Stirling is one of those regions central Scotland specialises in. it provides a taste of both lowlands and Highlands; has a staggering share of landmark battlegrounds; is peppered with castles and tales of legendary figures; and contains a slice of natural beauty that will literally leave you gasping. And all that packed cheek by jowl into such a small and delightful area.
The capital, also named Stirling, controlled the main route into the Highlands and its strategic location meant it was the stage for some of Scotland’s crucial battles of independence against the repressive English.
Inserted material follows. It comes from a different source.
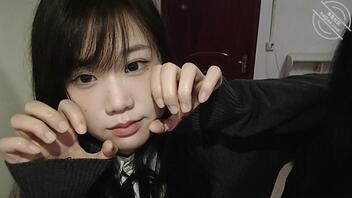 这个骚货在我家还自慰发骚，兄弟们你们说我要不要操了她录视频给兄弟们泄火0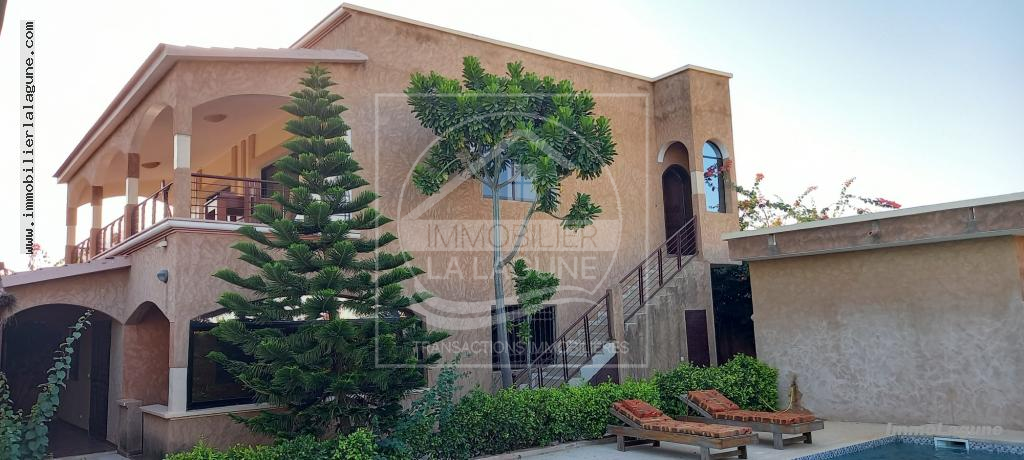 Agence Immobilière Saly Sénégal - V2695 - Villa à SOMONE - V2695-villa-avec-piscine-a-vendre-a-somone-senegal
The region was home to Rob Roy, and the legendary exploits of this champion of the poor sill echo around the southern border of the Highlands.
The region has lured walkers and climbers since Victorian times, and the forests and wildlife in this unique environment are protected as part of the Loch Lomond & the Trossachs National Park.
Stirling lies at one of Scotland’s most strategic sites and has been at the heart of many conflicts. There’s a hustle and bustle on the streets and footpaths during the day, but at night it all disappears and a twilight walk of the old town can be magical. In the right light and away from the buss of the centre, there’s something a bit fairy-tale-like about Stirling. For visitors the city rivals Edinburgh for historical attractions and the atmosphere of its old town.
Replete with winding cobblestone streets, the old town clings to the slopes beneath the castle and the fascinating remnants divulge tales of Stirling’s historical development, stretching over a 500 year period. Another parallel with Edinburgh is the magnificent castle, perched high on a rocky outcrop gazing over the city.
Stirling Castle & Argyll’s Lodging
Hold Stirling and you control the whole country. This simple strategy has ensured that a castle has existed here since prehistoric times. The superb views it commands mean you cannot help but drawing parallels with Edinburgh Castle – but Stirling is better. Location, architecture and historical significance combine to make it one of the grandest of all Scottish castles.
There has been a fortress of some kind here for several thousand years, but the current building dates from the late 14th to the 16th century, when it was a residence of the Stuart monarchs. The Great Hall and Gatehouse were built by James IV; observe the hammer-beam roof and huge fireplaces in the largest medieval hall in Scotland and the result of 35 years’ worth of restoration.
The spectacular palace was constructed in the region of James V (1513-42); however, the Royal Lodgings may be temporarily closed to visitors as they are part of the last phase of the castle’s massive restoration project.
James VI (r 1567-1625) remodelled the Chapel Royal and was he last king of Scots to live here.
In the King’s Old Building is the museum of the Argyll & Sutherland Highlanders, which traces the history of this famous regiment from 1794 to the present day. It has a great collection of ornately decorated dirks (daggers).
Stirling and its spectacular castle are a must see attraction on your tours of Scotland.